:: PROBLEM REQUIREMENTS ::
No pictures belong in the copy. Retype exactly, and only, the stretch of lines below from the one with "Grey Turtleneck Knit Top" through the one with "Caution Explosion Hazard".

:: RECORDS FOR THIS TASK ::
- Opening Delimiter -

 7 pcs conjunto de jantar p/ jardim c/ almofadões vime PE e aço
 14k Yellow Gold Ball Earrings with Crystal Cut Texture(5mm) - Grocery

- Closing Delimiter -
- Opening Delimiter -

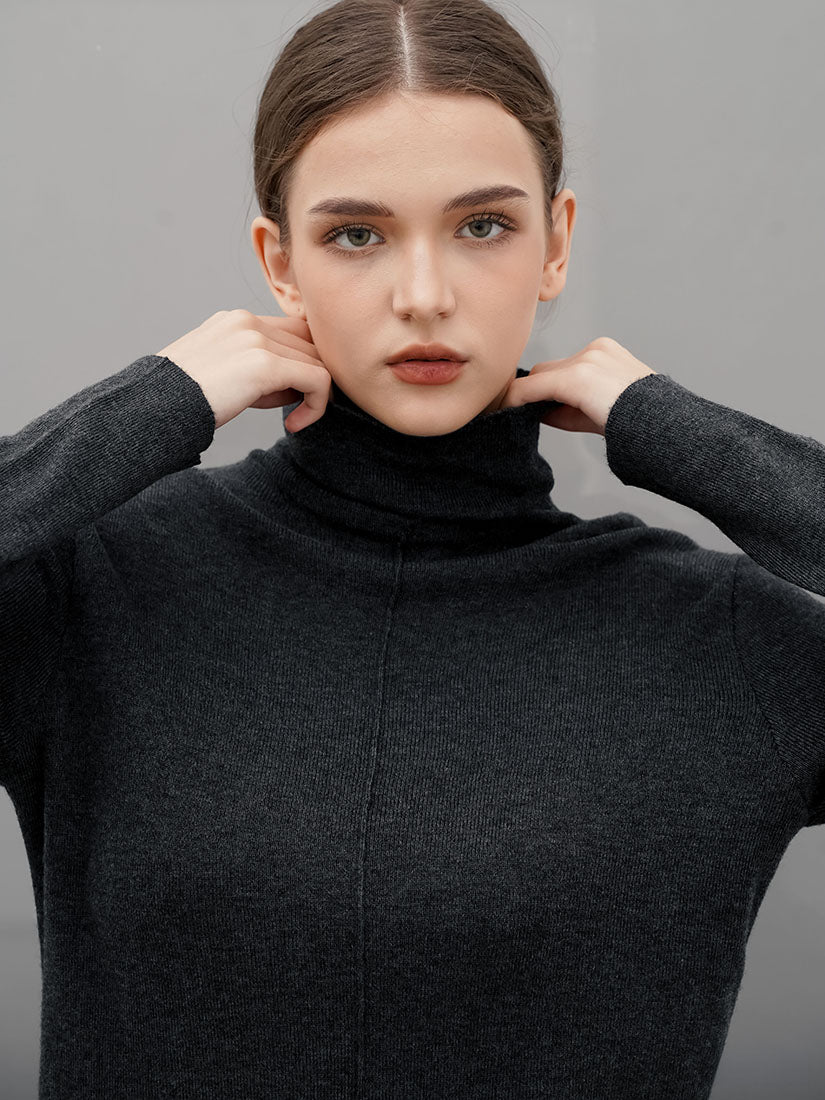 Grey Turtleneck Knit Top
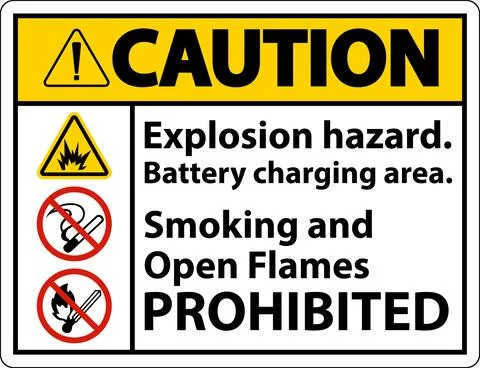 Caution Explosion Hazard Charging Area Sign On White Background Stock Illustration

- Closing Delimiter -

:: REPLY TO THE EXERCISE ::
 Grey Turtleneck Knit Top
 Caution Explosion Hazard Charging Area Sign On White Background Stock Illustration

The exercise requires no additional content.